What began as a proposed six-month circular sail around the South Pacific, from New Zealand to Chile and back, ended as an interrupted 18-month voyage for first-time author Hordern. He embellishes his tale with other accounts, ranging from early Pacific adventurers Alvaro de Medana y Neya and Pedor Fernandez de Quiros in the late 1500s to the ill-fated whaler SS Essex in 1819. Hordern uses laconic, emotionless prose to recount his own journey in a 28' boat; storms at sea are dispassionately described, as are the many difficulties of solo sailing. Still, this is an interesting read, distinguished from most books in this genre by its perspective-best described in Hordern's own words: "I suspect that even at sea, I am still a drifter. The idea that on the ocean I determined my own course, made landfalls of my own choosing, was partly an illusion. Flotsam could have made the voyages I have made." Three maps and a section of color photographs are included, along with sources for historical information. Recommended for libraries with large sailing collections.-Janet Ross, formerly with Sparks Branch Lib., NV Copyright 2003 Cahners Business Information.
A British-born newcomer describes his pleasant, single-handed sailing mooch across an unequalled expanse of water, the Southern Ocean between New Zealand and South America. Hordern’s remarkably unsentimental about his 28-footer, rather small for so formidable an ocean, and he’s unspooked by the legendary weather regularly dished out in such latitudes. Not that Hordern is smug or stupid; he simply finds himself an inextricable thread woven into the history of sailing the South Pacific: "bound up with Greek cosmologers, medieval mapmakers, poets, and whalers." His equipment is simple and efficient, he likes what he is doing, he trusts the auguries. He won't ignore a storm warning, but what really raises the hair on his neck is reading that a set of reefs or shoals are doubtfully positioned on his chart, perhaps phantoms altogether; though Davis Land, Sophie Christiansen Shoal, and Emily Rock have been spotted numerous times, they’ve failed to be spotted an equal number. While he appreciates GPS as part of the routine when he gets his noon fix, he’s more impressed by how he has become a sea creature in his own right. "You have an agility, a set of physical skills, that aren't needed on land," he comments. Through it all, Hordern is a master of deadpan: "I made landfall on the coast of Chilean Patagonia in mid December, after a six-week passage." Falling overboard during a squall is a worthy little story, but more fascinating to Hordern is an event "easy to describe . . . not easy to explain"; when he got to Easter Island after some serious sailing, he scooted on past. Similarly, within hailing distance of New Zealand on his return, Hordern turned his boat around and sailed aimlessly forthree days, finally landing in Fiji. He confides to a friend that he thinks it was a nervous breakdown. Whatever the reason, readers of his engaging narrative will be happy to spend a few more days in his company. (8-page color photo insert)

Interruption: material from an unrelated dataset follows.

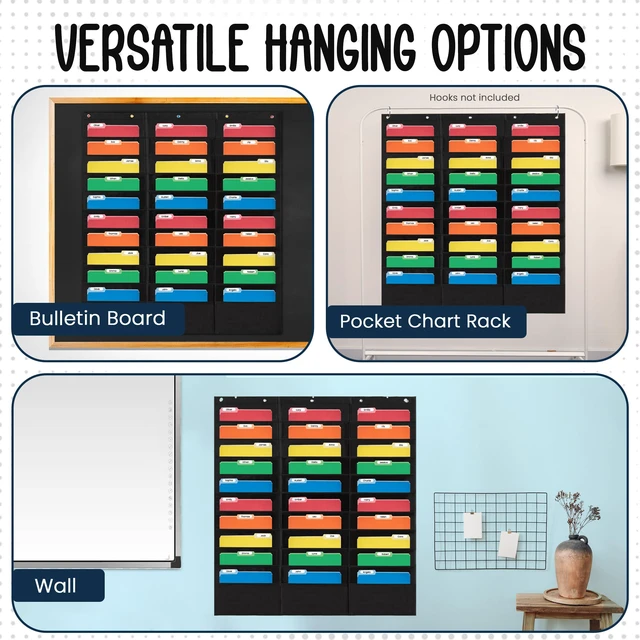 Alt view image 6 of 6 - 30 Pocket File Folder Pocket Chart, Black, 42" W x 47" T Versatile Wall Hanging File Folder Organizer for Classrooms, Offices, Home, and More - Wall Folder Organizer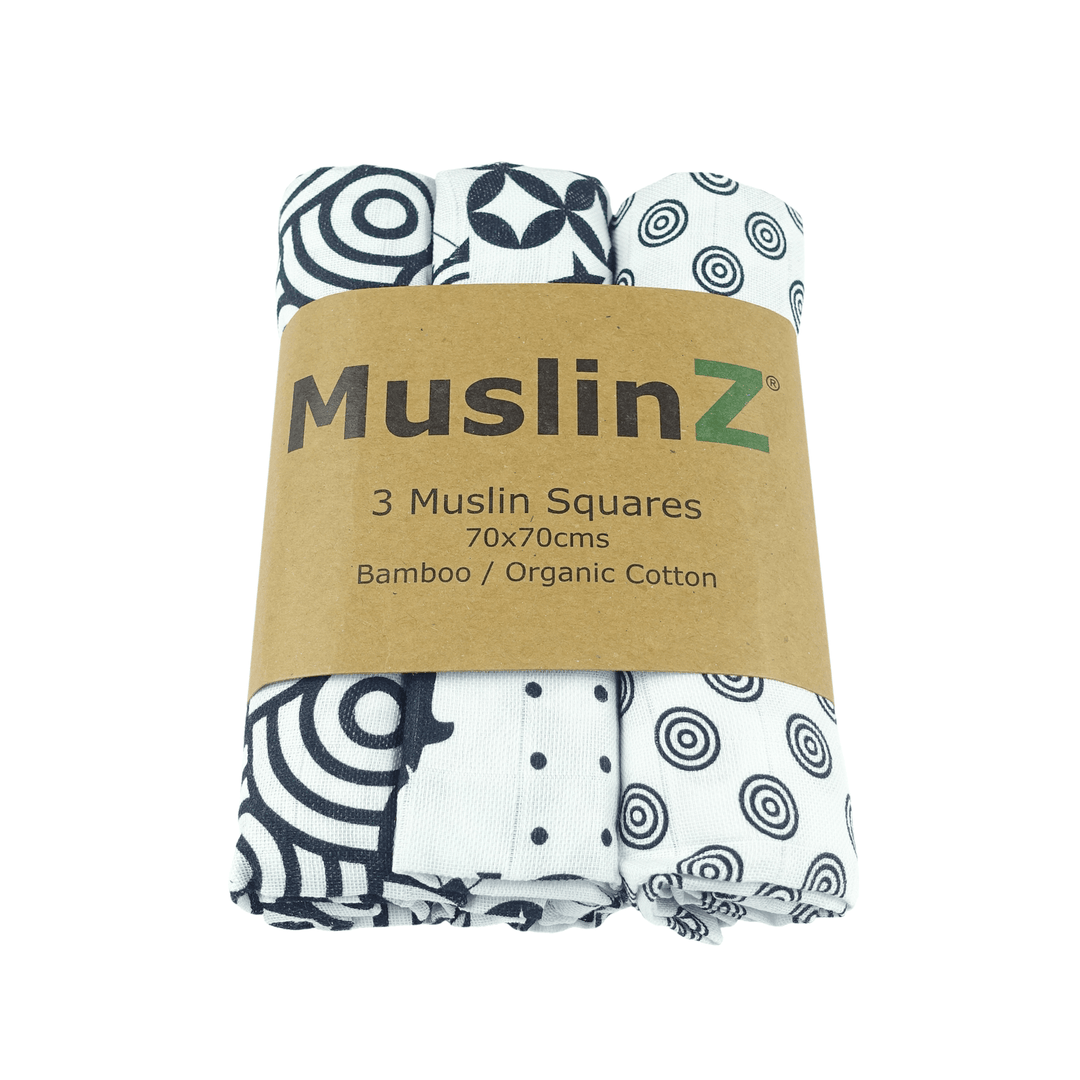 Muslinz Muslin Squares Sensory 3pk- Black And White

Hordern writes vividly about the rhythms and sighs of life afloat, and about a landscape composed not of immovable objects but of ever-shifting wind and water.”
- Daily Telegraph
“As well as an enthralling adventure, the book chronicles an inner journey of self-discovery. Hordern captures the thrill, romance, and anxieties of ocean sailing...a highly readable book by a gifted new writer. Don’t miss it.”
- Yachting magazine
“Not unlike Conrad, Hordern demonstrates that a sense of superfluousness often felt by the adventurous modern traveler can be-at great personal risk-transmuted into a kind of physical essentialism by excluding the rest of humanity and testing oneself, against oneself, in extremis.”
- Times Literary Supplement
“Full of humor and historical insight, this book has the toughness of the classic survivor. It’s the next best thing to actually going yourself.”